Les juges prennent souvent en compte le délai supérieur qui serait accordé au franchisé pour écarter l’erreur. Effectivement, plus le franchisé dispose de temps avant la conclusion du contrat, plus il est en mesure de s’informer et d’éviter l’erreur.

Pour ne citer qu’un exemple, les juges ont pu considérer qu’un délai de réflexion de deux mois permettait déjà au franchisé de s’informer de l’état du marché et de rechercher les bilans du franchiseur (CA Rouen, 15 avril 2021, n° 19/02774).

C’est donc logiquement que les juges relèvent que le franchisé a disposé d’un délai de réflexion de 16 mois avant la conclusion du contrat pour s’informer.

Dans cet arrêt encore, le franchisé est débouté de sa demande en nullité.

Les juges considèrent que le seul différentiel entre chiffre d’affaires projeté et chiffre d’affaires réalisé ne démontre pas à lui seul que les informations contenues dans les documents précontractuels étaient erronées et qu’il appartenait au franchisé de procéder à une étude de marché avant de s’engager plus avant dans le projet.
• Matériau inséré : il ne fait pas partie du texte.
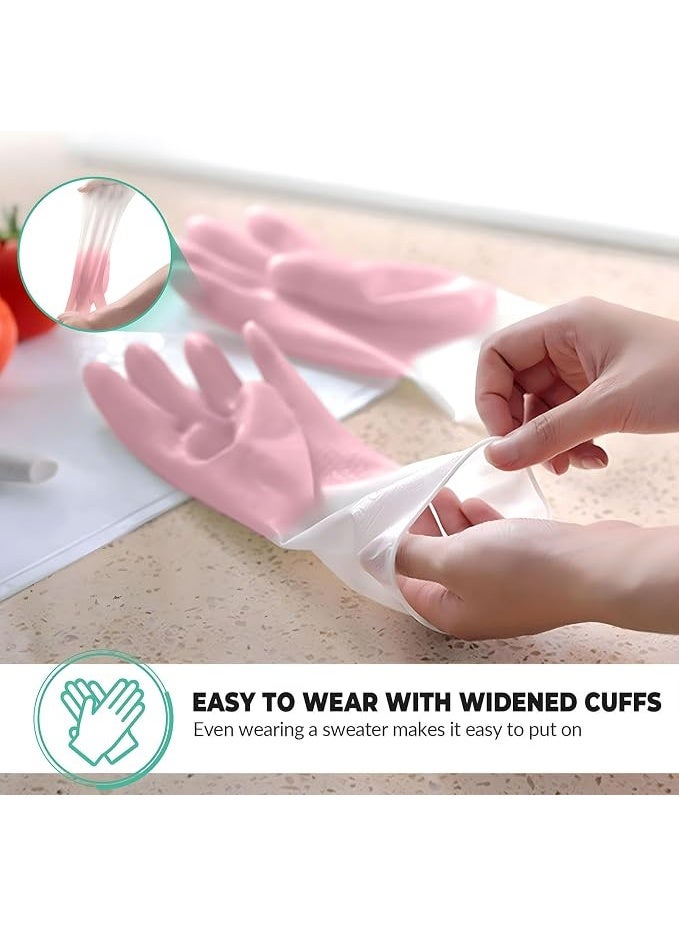 Hugifts Dishwashing Gloves, Reusable Cleaning Dish Gloves, Non Slip Grip for Kitchen and Household - Image 4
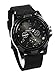 NYKKOLA Mens Sport Outdoor Watches Military Army Pilot Canvas Strap Japeness Movement Wrist Watch - Black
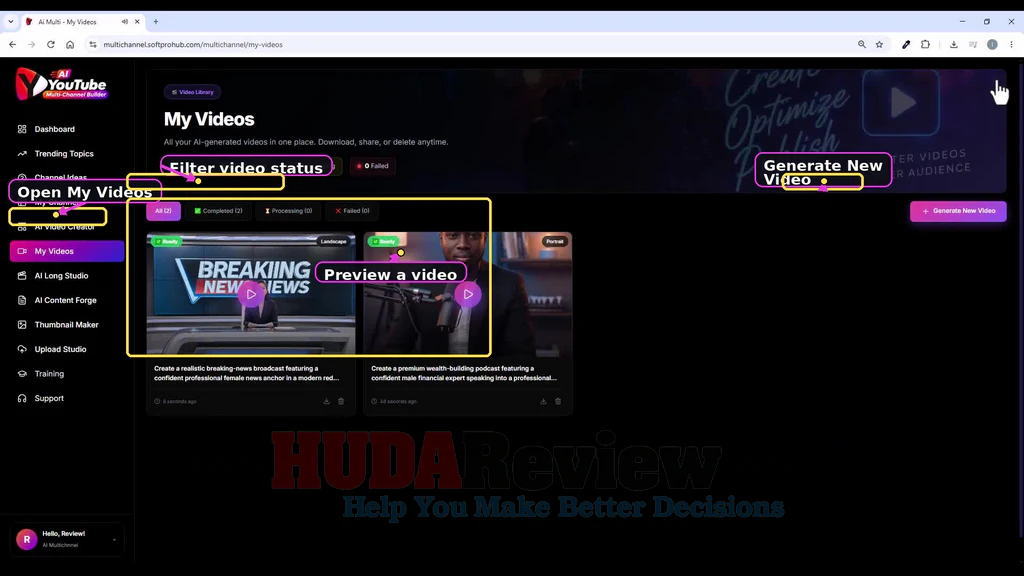 AI-YouTube-Multi-Channel-Builder-demo-10-Review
Ils ajoutent que les documents produits par le franchisé ne sont pas de nature à établir l’absence de viabilité du modèle économique ni l’existence d’un lien de causalité entre les résultats déficitaires de certains franchisés et des erreurs qui auraient été commises par le franchiseur dans la gestion de l’image de l’enseigne et de l’évolution du concept.

Conclusion :

De ces arrêts, on retient que la nullité pour erreur sur la rentabilité est écartée lorsque le franchisé a les moyens d’éviter l’erreur.
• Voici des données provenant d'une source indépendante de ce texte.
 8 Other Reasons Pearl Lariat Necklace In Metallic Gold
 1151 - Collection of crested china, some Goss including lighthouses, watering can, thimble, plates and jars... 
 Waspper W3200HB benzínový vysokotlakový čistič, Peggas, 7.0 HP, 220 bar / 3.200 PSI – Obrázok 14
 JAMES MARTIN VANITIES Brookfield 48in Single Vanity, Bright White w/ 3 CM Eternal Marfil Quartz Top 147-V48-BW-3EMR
Même si le terme n’est cité à aucun moment, cette logique fait certainement référence au caractère inexcusable de l’erreur (C. civ., art. 1132).
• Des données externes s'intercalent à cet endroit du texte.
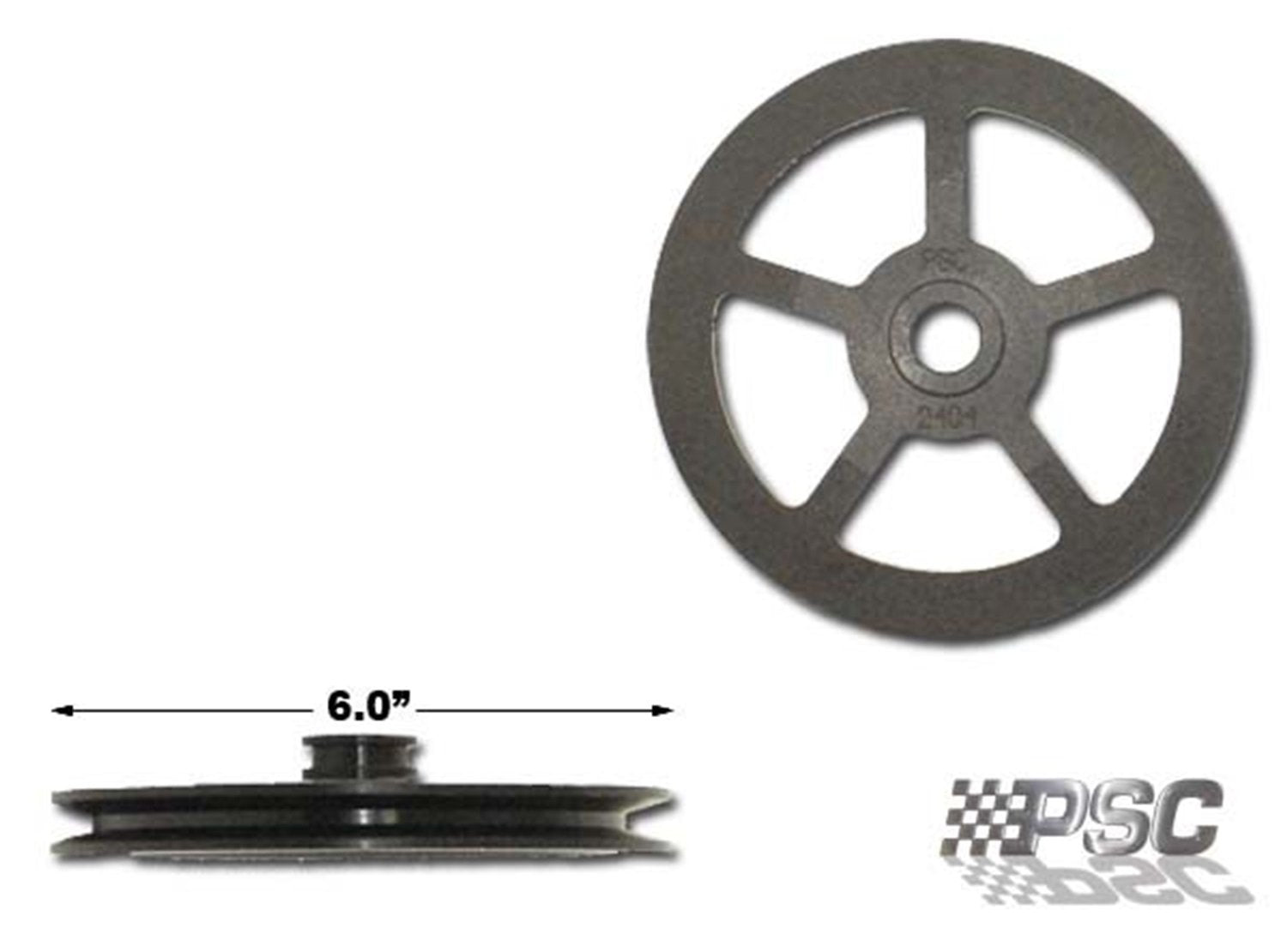 PSC Motor Sports PP2404 Power Steering V Belt Pulley 1200 Series Pump 6.0 Diameter 0.8125 Offset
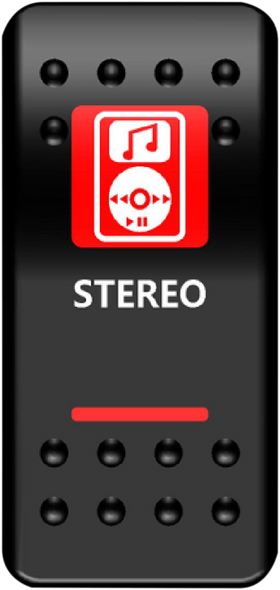 MOOSE UTILITY Rocker Switch - Stereo - Red STR-PWR-R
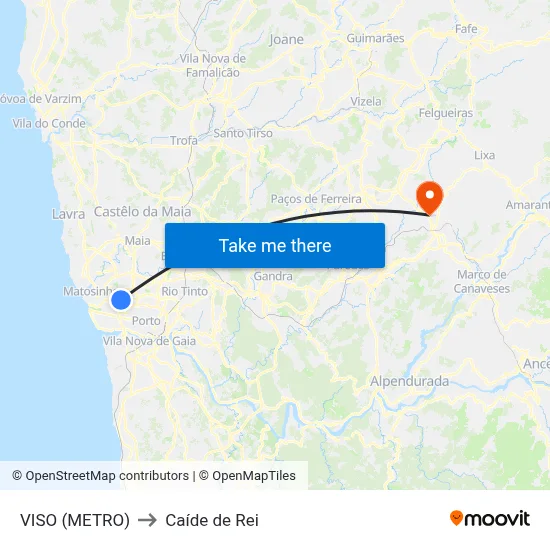 VISO (METRO) to Caíde de Rei map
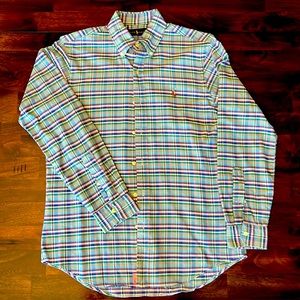 Ralph Lauren Men’s Button Down. Size Small. Buttoned collar. Blue plaid.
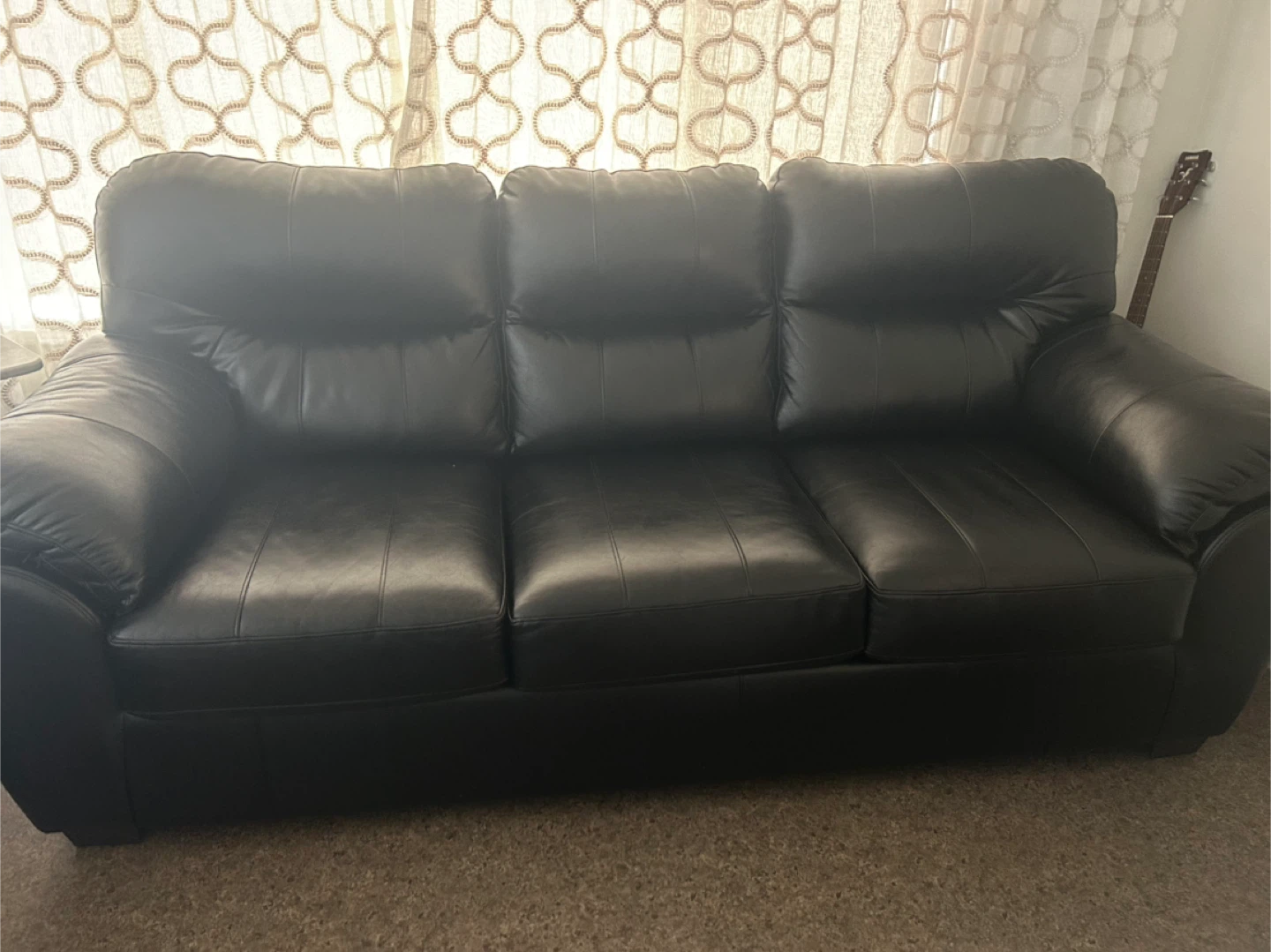Two Black  Leather Sofas - photo 3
On comprend alors que le franchisé qui commet une erreur "inexcusable" a plus de difficulté à obtenir la nullité. A ce titre, plusieurs éléments sont pris en compte par les juges pour rejeter sa demande :

  • premièrement, la qualité de professionnel averti, c’est-à-dire son expérience dans le secteur de la franchise (que ce soit dans le même réseau ou non) ;
  • deuxièmement, les stipulations du contrat qui invitent le franchisé à s’adresser à un expert (CA Pau, 22 juillet 2021, n°18/03703) ou à préciser lui-même les données fournies par le franchiseur (CA Limoges, 18 mai 2020, n° 19-00189) ;
  • troisièmement, le délai de réflexion supérieur à 20 jours (par exemple un délai de 16 mois) qui lui est accordé avant la conclusion du contrat (CA Limoges, 18 mai 2020, n° 19-00189).

On relèvera toutefois que ces éléments ne devraient être pris en compte que pour les demandes fondées sur l’erreur, le caractère inexcusable n’étant pas de nature à écarter le dol (Cass. com., 1er décembre 2021, n° 18-26.572, F-D).